FGM – one topic we either shy away from or tackle with a whole lot of challenges. Well, FORWARD (Foundation for Women’s Health, Research & Development), an African Diaspora women led campaign and support charity dedicated to advancing and safeguarding the sexual and reproductive health and rights of African girls and women, is not letting it go. They talk about it and have gone step further to bring men on board. In my experience, this has often been one complaint/challenge that not enough men from the continent are speaking up for the women. That is changing with the likes of Baaba Maal and now, another celebrated Senegalese artist, Carlou D as he uses his music to call on men to get involved in the campaign to end FGM and raise awareness. Carlou D and Special guests: Seye and WEIRD MC will perform in a fundraising concert for FORWARD on 21st July 2012 atLondon’s Roundhouse.

Born in the suburbs of Senegal’s capital Dakar, Carlou D started his musical career as a member of Positive Black Soul: the country’s first, and arguably most successful, hip-hop group, and has been mentored by and collaborated with the legendary Youssou N’Dour. “The part of hip-hop which I have kept in my music is the courage to be direct,” says Carlou.  Carlou D’s songs address social issues and political situations mixed with deeply spiritual evocations. The outspoken musician takes listeners on a musical journey from jazz, acoustic roots, soul, to rap and spiritual chants (‘Zikr’ in Arabic) in a musical style he has termed as ‘Muzikr’.

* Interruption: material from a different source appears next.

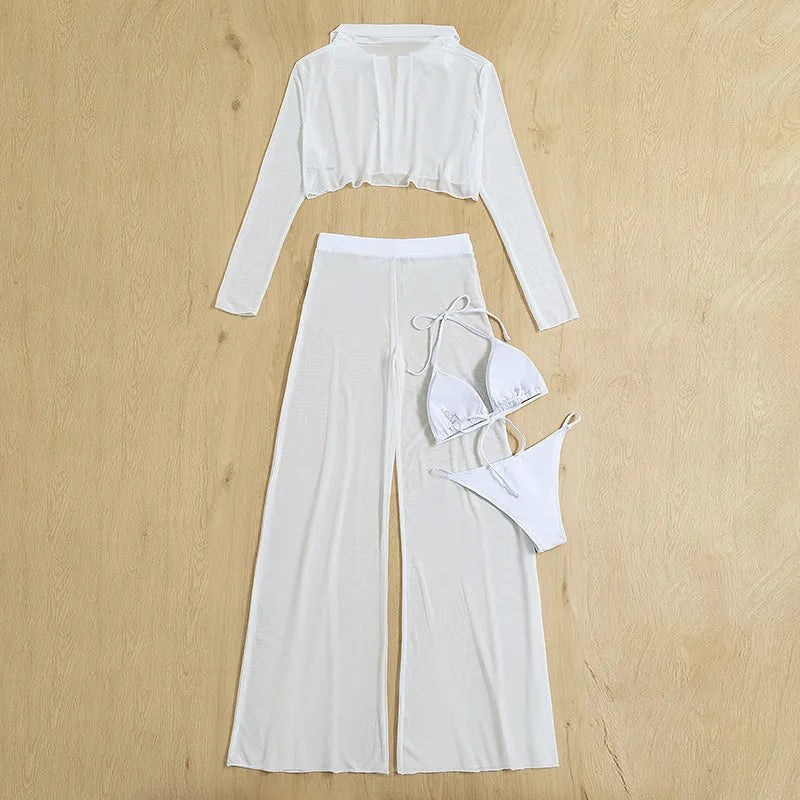 White women's four-piece swimsuit set with high-waist trousers and backless design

Carlou D’s performance at London’s Roundhouse will be preceded by a session entitled “Conversations with African male artists” in which he and fellow guest artists from FGM affected communities will share their views and thoughts on how men can play an active role in the campaign to end the practice. They will focus on the crucial role of men in the campaign to end FGM and also the power of music and other art forms to be a platform for achieving social change.

Speaking about the role of music to evoke social change, a representative from FORWARD UK said: “Artists have the power to move people and influence decision makers (traditional/religious leaders) and parents in FGM affected communities. We believe in the power of music and art to spread positive messages reach wider audiences and create a positive change within society.”